(What this task involves) All lines below starting at the one that holds "Fedora in Tela" and ending at the one that holds "Silla de comedor" should be printed exactly, ends included. Pictures should not be printed, nor anything else.

(Records for this task)
━━━━━━━━━━━━━━━━━━━━

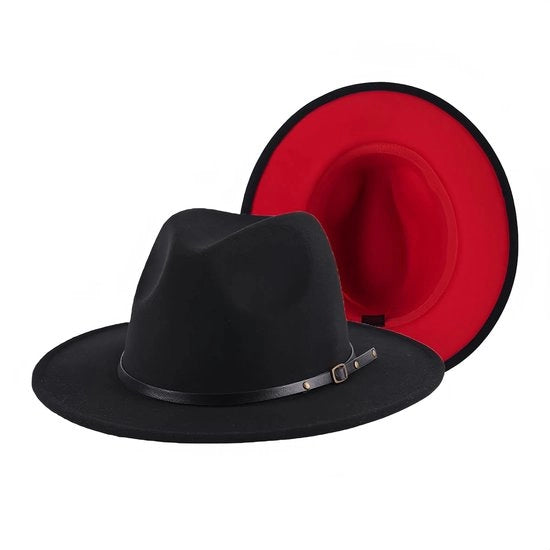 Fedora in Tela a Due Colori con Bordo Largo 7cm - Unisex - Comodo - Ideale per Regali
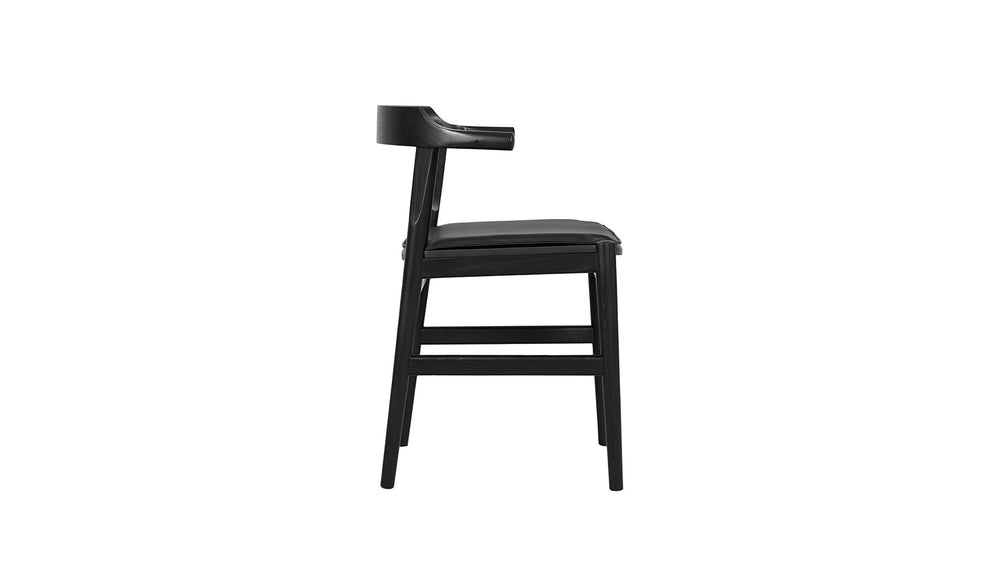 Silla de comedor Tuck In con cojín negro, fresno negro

━━━━━━━━━━━━━━━━━━━━

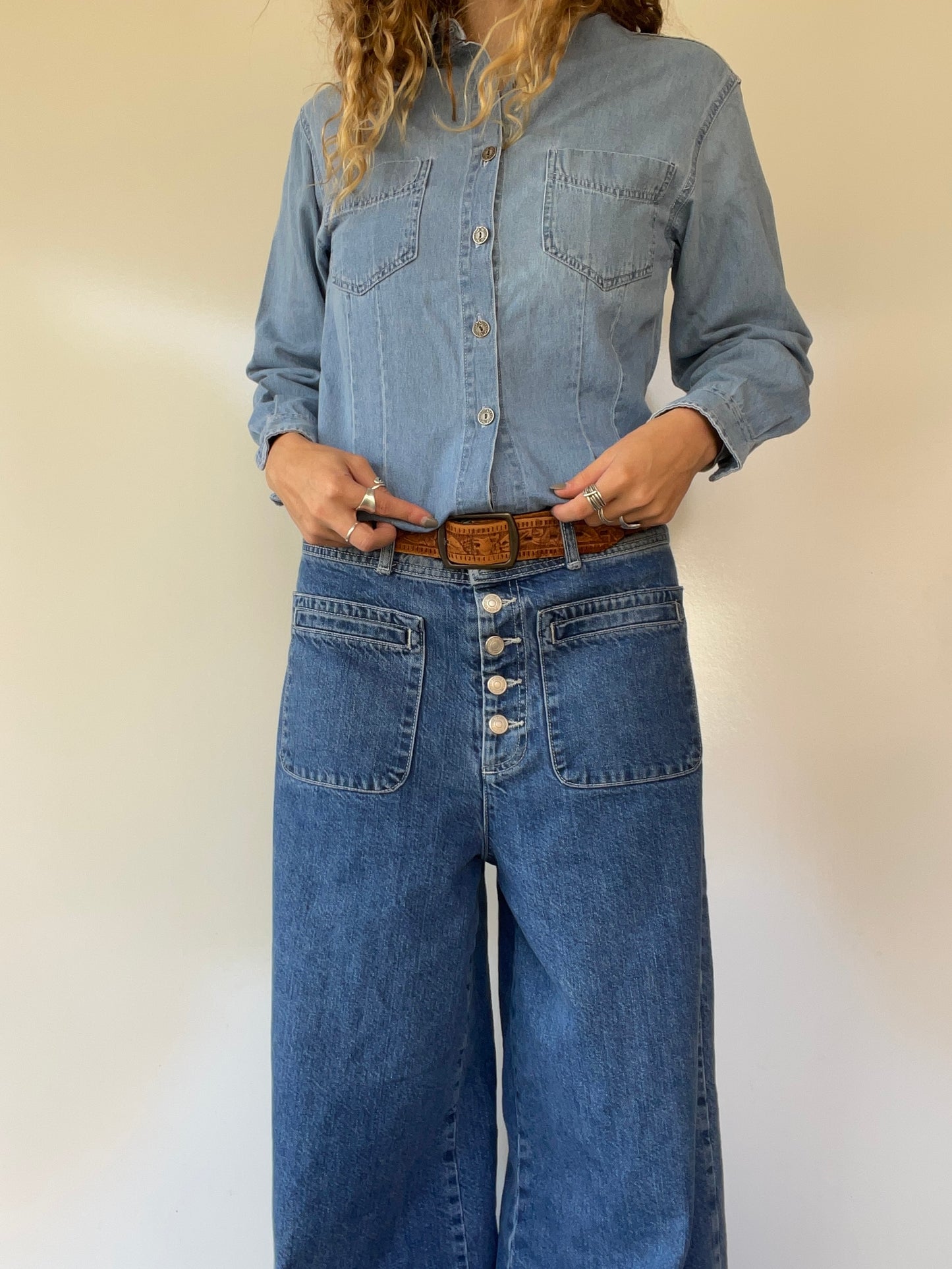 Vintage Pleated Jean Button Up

━━━━━━━━━━━━━━━━━━━━

(Your solution)
 Fedora in Tela a Due Colori con Bordo Largo 7cm - Unisex - Comodo - Ideale per Regali
 Silla de comedor Tuck In con cojín negro, fresno negro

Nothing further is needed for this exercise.